We also believe the Cane Notch Site lays along an important divergence route that is the most direct route to the Wataugan settlements which in turn is also a good route to Joara. This is also important to consider because it’s one of many proposed routes that the Spanish were using from Desoto to Pardo. At times I think this route is somewhat understated because of the lack of research in this area and little historical documentation. This lack of documentation of the trails and networks of our area should be expected because it would appear our Cherokee settlements were likely some of the first to exit the region (late 1600s) compared to the finer resolution of the Middle/Lower/Overhill groups of later time spans. It’s also well documented that the Cherokee of the 16th century avoided large scale participation in the early hide trade with Europeans and thus less historical documentation is available today. These factors make archaeological research in the area more difficult because we can visibly see great towns and settlements of the Cherokee existed here but it’s likely an uphill battle when trying to demonstrate how these towns connected through trade routes that are today gone and little documented.
Even if we remove the Spanish from the equation, it’s a very logical indian network route. Once you exit the Watauga you can head Northwest and be in contact with groups in SWVA, obtaining copper and salt while exporting greenstone/mica or marine shell that you might have obtained as a middle man in the piedmont of North Carolina. You could also head due Southwest and enter Cane Notch which is a straight shot to Chiaha. Heading southwest you will not encounter any significant mountains and the Nolichucky is very traversable with giant open floodplains flanking both sides of the river. It would really surprise me if groups were able to head due west from Joara and try and enter the Nolichucky. This terrain is really rough with multiple 2000 ft rocky gorges and dangerous white water. I spent this past summer in much of this gorge area and I came away thinking how impossible it is to navigate and under no circumstances would I follow that route.
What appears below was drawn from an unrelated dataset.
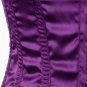 Purple Satin Fabric Steel Boning Underbust Fashion Corset Waist Cincher (Body Waist-32inch)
It should always be noted that routes that don’t seem feasible by today’s standards do not mean that weren’t easily overcome by native American standards. From Watauga to Johnson City to Embreeville is a very smooth entry point with no sizeable gorges or ridges impending progress. Indeed the names of the creeks still imply the significance of these routes as Cherokee Creek flows from Johnson City into Cane Notch. If you factor in the incredible ceramic diversity of the Upper Nolichucky then you can begin to see a compelling case that our area was likely situated within important indian corridors, which *may* have also been ideal for the Spanish.
So in conclusion, It’s entirely difficult to pinpoint the Chisca at this current date and time. The idea that the Chisca were in Saltville is not a new idea within the field. Archaeologists for the past 30 years have thought it was a possibility but they haven’t had the data sets to say for sure. Recently some archaeologists are feeling more comfortable with postulating Saltville as a possible Chisca location, maybe even a high likelihood, but they simply don’t have the data necessary to say in certainity (which I believe is fair to say) that the Chisca were 100% in X location. The Chisca could have been in the Upper Watuaga, they could have been in Saltville, the Holston or a combination of the three locations…but I appreciate the fact that real science uses overwhelming evidence first and foremost to establish this as fact.